▶ _PROBLEM_:
Please restate the data that follows word for word, with the pictures left out.

EXCERPTED DATA: Begin

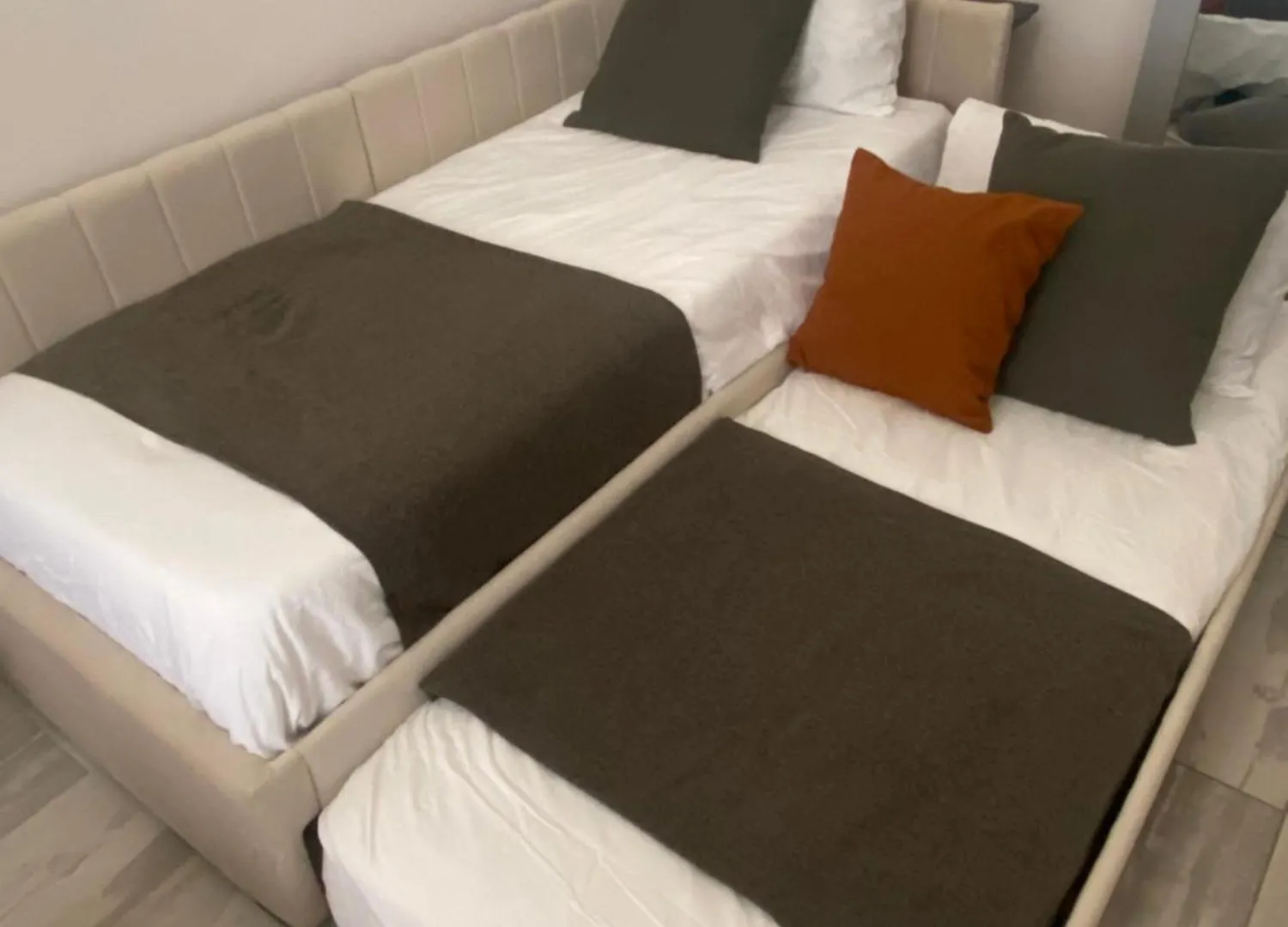 Stylish Stay In Bocconi With Patio - Porta Romana Milaan 0*,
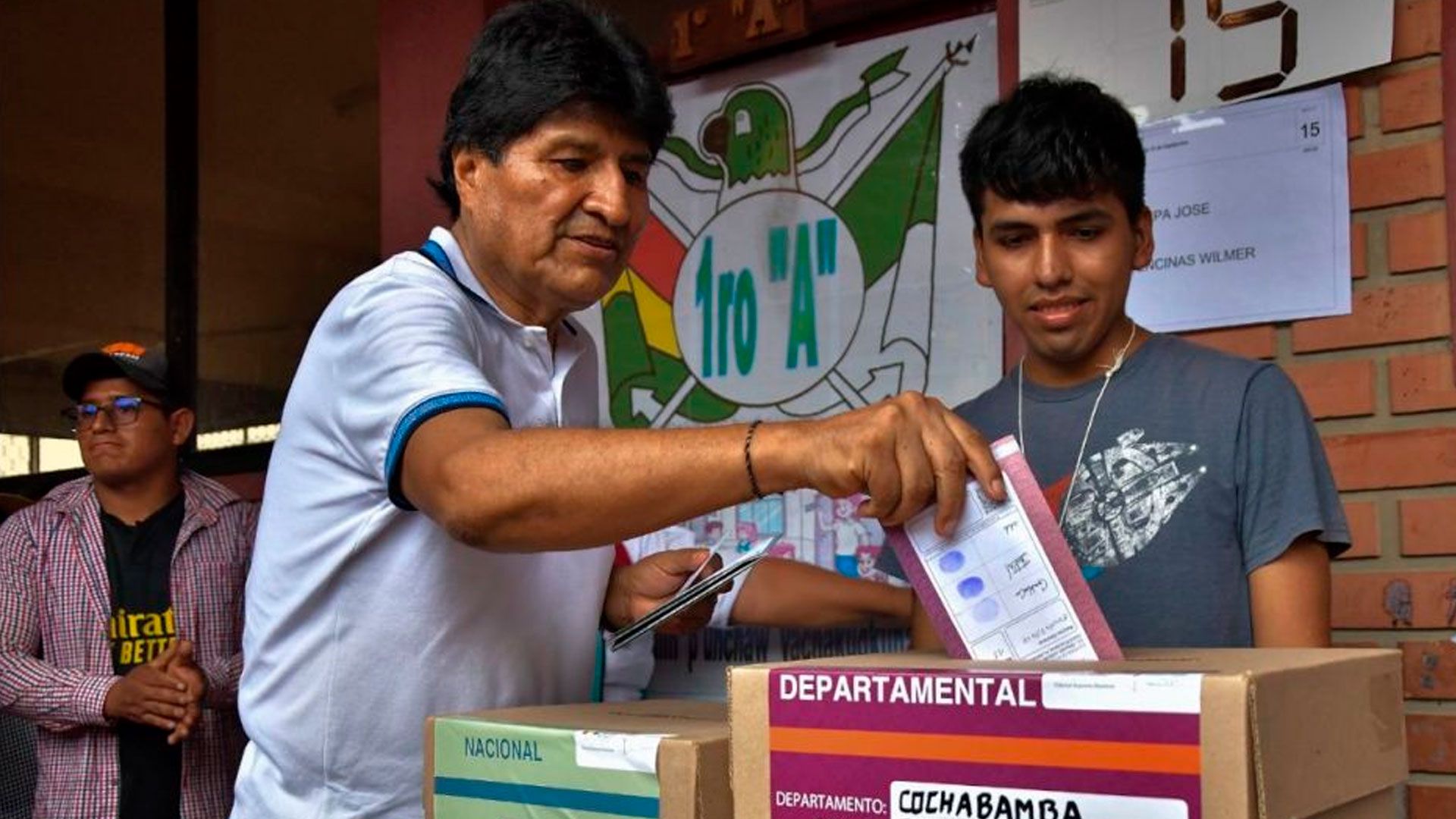 Evo se presenta a votar: "Asumo mi obligación, pero se trata de una elección inconstitucional"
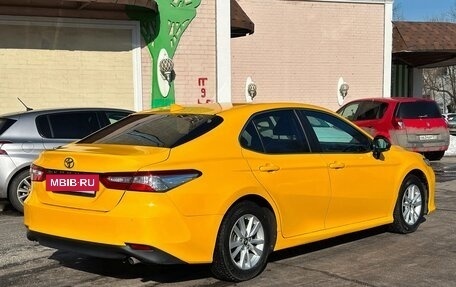 Toyota Camry, 2019 год, 1 690 000 рублей, 5 фотография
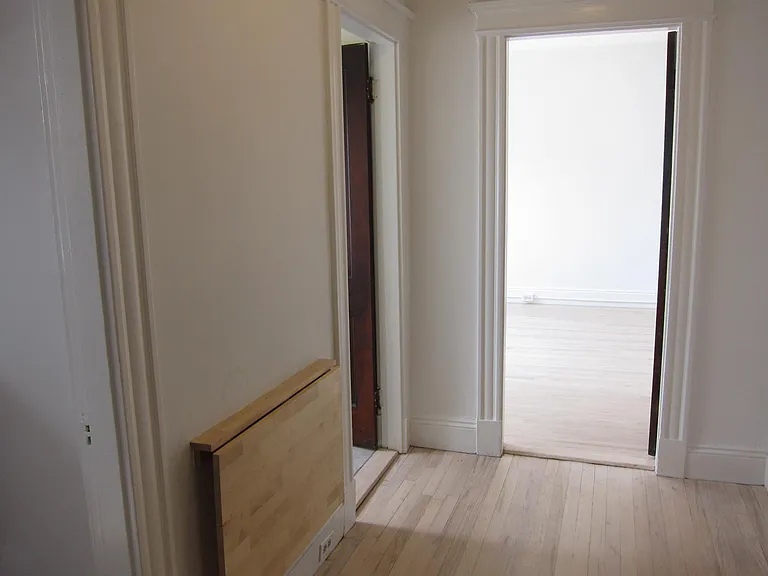 15 Park Dr #28 — Photo 4
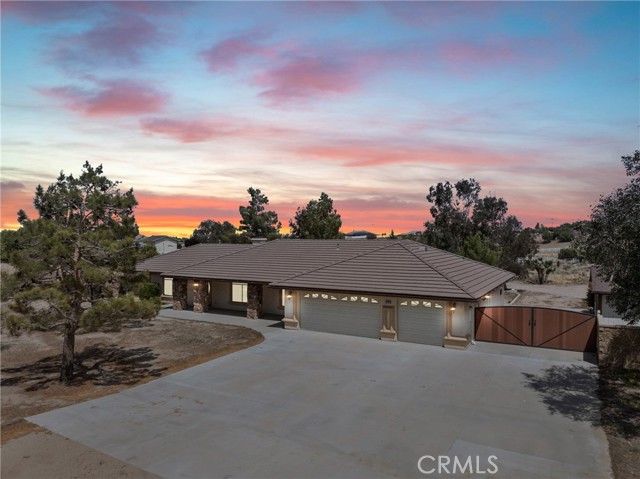 Detail Gallery Image 1 of 43 For 9153 Kittering Rd, Oak Hills,  CA 92344 - 4 Beds | 2 Baths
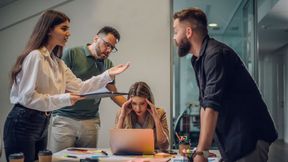 Fachkräftemangel, hohe Fluktuation, Erschöpfung: Das sind laut Pegasystems direkte Folgen von schlechten IT-Systemen. So bremst Legacy-Technoloigie die Arbeit aus. (Bild: © Zamrznuti tonovi - stock.adobe.com)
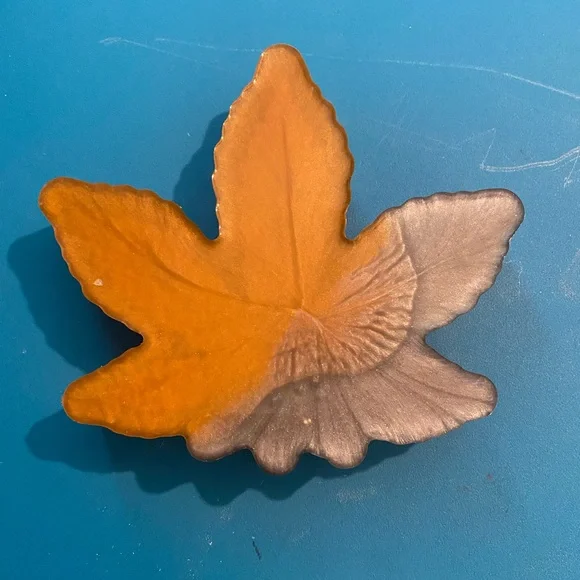 Jewelry holder tray resin leaf ashtray orange and black - Picture 3 of 5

EXCERPTED DATA: End

▶ _SOLUTION TO THIS TASK_:
 Stylish Stay In Bocconi With Patio - Porta Romana Milaan 0*,
 Evo se presenta a votar: "Asumo mi obligación, pero se trata de una elección inconstitucional"
 Toyota Camry, 2019 год, 1 690 000 рублей, 5 фотография
 15 Park Dr #28 — Photo 4
 Detail Gallery Image 1 of 43 For 9153 Kittering Rd, Oak Hills,  CA 92344 - 4 Beds | 2 Baths
 Fachkräftemangel, hohe Fluktuation, Erschöpfung: Das sind laut Pegasystems direkte Folgen von schlechten IT-Systemen. So bremst Legacy-Technoloigie die Arbeit aus. (Bild: © Zamrznuti tonovi - stock.adobe.com)
 Jewelry holder tray resin leaf ashtray orange and black - Picture 3 of 5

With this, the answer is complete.